WHAT THE TASK ASKS ::
A full and exact copy of the listing that follows is needed.
SUPPLIED DATA: Begin
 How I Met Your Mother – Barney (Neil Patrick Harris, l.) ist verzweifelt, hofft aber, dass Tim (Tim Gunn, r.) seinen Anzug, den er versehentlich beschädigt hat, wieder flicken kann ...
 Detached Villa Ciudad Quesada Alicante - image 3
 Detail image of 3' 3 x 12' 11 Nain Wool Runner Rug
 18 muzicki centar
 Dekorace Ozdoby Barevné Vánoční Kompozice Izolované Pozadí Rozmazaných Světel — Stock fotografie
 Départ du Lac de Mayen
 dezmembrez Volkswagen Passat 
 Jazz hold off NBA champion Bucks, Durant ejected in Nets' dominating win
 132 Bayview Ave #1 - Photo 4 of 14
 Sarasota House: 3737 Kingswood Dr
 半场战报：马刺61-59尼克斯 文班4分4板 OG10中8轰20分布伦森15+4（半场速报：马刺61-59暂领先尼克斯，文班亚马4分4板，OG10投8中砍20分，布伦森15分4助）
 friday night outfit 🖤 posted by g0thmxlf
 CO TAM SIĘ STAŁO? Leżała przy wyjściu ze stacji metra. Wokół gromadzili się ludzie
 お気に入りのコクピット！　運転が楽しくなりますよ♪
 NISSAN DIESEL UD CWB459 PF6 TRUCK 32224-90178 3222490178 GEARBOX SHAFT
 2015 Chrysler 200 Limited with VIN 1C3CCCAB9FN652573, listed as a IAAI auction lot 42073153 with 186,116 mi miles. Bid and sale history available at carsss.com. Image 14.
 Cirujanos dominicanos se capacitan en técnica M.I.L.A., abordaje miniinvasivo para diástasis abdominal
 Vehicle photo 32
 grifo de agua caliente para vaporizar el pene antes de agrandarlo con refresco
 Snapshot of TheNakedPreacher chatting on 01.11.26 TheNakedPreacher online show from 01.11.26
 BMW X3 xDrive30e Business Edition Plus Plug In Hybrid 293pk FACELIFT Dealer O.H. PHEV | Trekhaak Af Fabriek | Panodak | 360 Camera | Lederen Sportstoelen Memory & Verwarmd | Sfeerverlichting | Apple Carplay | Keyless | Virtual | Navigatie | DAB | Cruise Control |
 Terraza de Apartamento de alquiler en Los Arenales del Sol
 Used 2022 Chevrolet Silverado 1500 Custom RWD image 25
SUPPLIED DATA: End
WRITTEN RESPONSE ::
 How I Met Your Mother – Barney (Neil Patrick Harris, l.) ist verzweifelt, hofft aber, dass Tim (Tim Gunn, r.) seinen Anzug, den er versehentlich beschädigt hat, wieder flicken kann ...
 Detached Villa Ciudad Quesada Alicante - image 3
 Detail image of 3' 3 x 12' 11 Nain Wool Runner Rug
 18 muzicki centar
 Dekorace Ozdoby Barevné Vánoční Kompozice Izolované Pozadí Rozmazaných Světel — Stock fotografie
 Départ du Lac de Mayen
 dezmembrez Volkswagen Passat 
 Jazz hold off NBA champion Bucks, Durant ejected in Nets' dominating win
 132 Bayview Ave #1 - Photo 4 of 14
 Sarasota House: 3737 Kingswood Dr
 半场战报：马刺61-59尼克斯 文班4分4板 OG10中8轰20分布伦森15+4（半场速报：马刺61-59暂领先尼克斯，文班亚马4分4板，OG10投8中砍20分，布伦森15分4助）
 friday night outfit 🖤 posted by g0thmxlf
 CO TAM SIĘ STAŁO? Leżała przy wyjściu ze stacji metra. Wokół gromadzili się ludzie
 お気に入りのコクピット！　運転が楽しくなりますよ♪
 NISSAN DIESEL UD CWB459 PF6 TRUCK 32224-90178 3222490178 GEARBOX SHAFT
 2015 Chrysler 200 Limited with VIN 1C3CCCAB9FN652573, listed as a IAAI auction lot 42073153 with 186,116 mi miles. Bid and sale history available at carsss.com. Image 14.
 Cirujanos dominicanos se capacitan en técnica M.I.L.A., abordaje miniinvasivo para diástasis abdominal
 Vehicle photo 32
 grifo de agua caliente para vaporizar el pene antes de agrandarlo con refresco
 Snapshot of TheNakedPreacher chatting on 01.11.26 TheNakedPreacher online show from 01.11.26
 BMW X3 xDrive30e Business Edition Plus Plug In Hybrid 293pk FACELIFT Dealer O.H. PHEV | Trekhaak Af Fabriek | Panodak | 360 Camera | Lederen Sportstoelen Memory & Verwarmd | Sfeerverlichting | Apple Carplay | Keyless | Virtual | Navigatie | DAB | Cruise Control |
 Terraza de Apartamento de alquiler en Los Arenales del Sol
 Used 2022 Chevrolet Silverado 1500 Custom RWD image 25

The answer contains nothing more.